◆ Exercise brief ◆
All of the data must be written out verbatim, with pictures excluded.

:: Source data

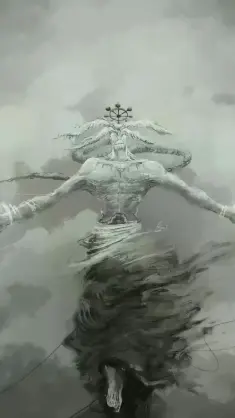 Divine General Mahoraga live wallpaper download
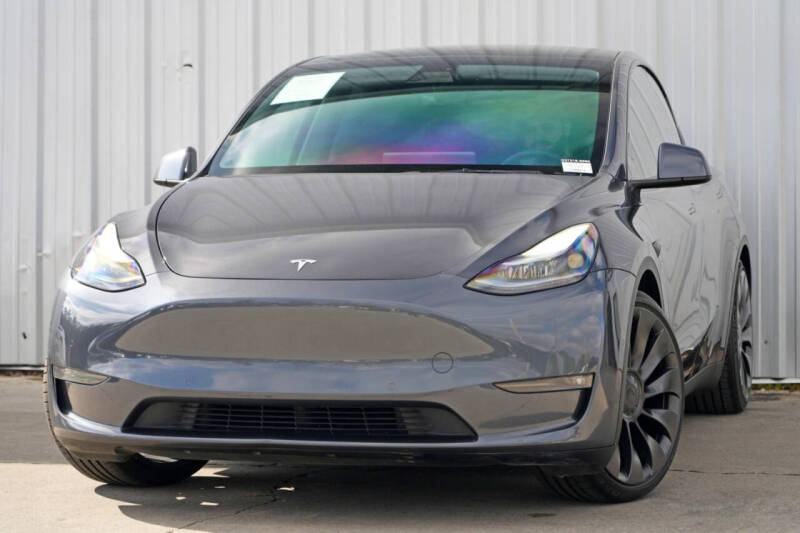 2022 Tesla Model Y Performance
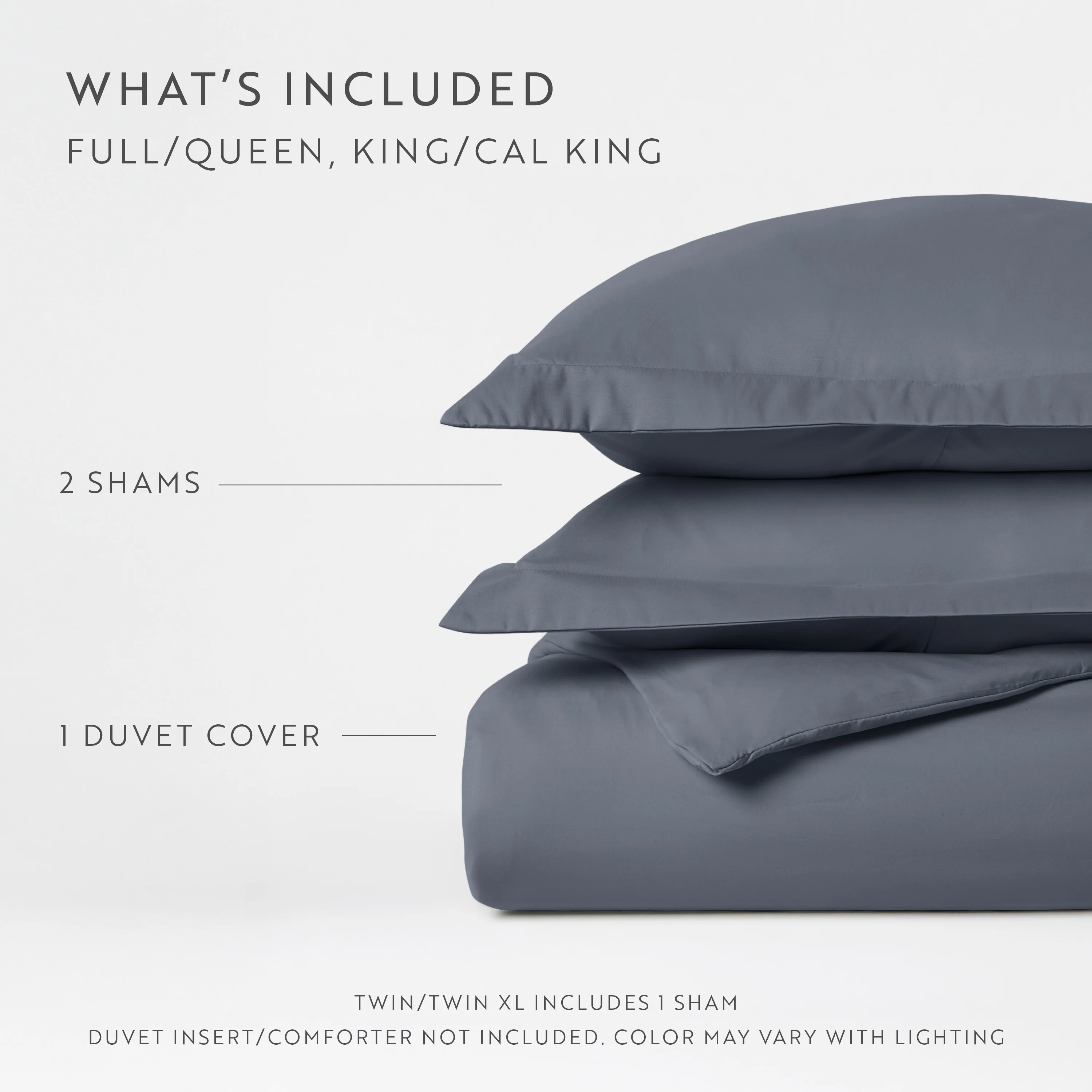 3-Piece Essential Duvet Cover Set - Image 231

::::

◆ Worked solution ◆
 Divine General Mahoraga live wallpaper download
 2022 Tesla Model Y Performance
 3-Piece Essential Duvet Cover Set - Image 231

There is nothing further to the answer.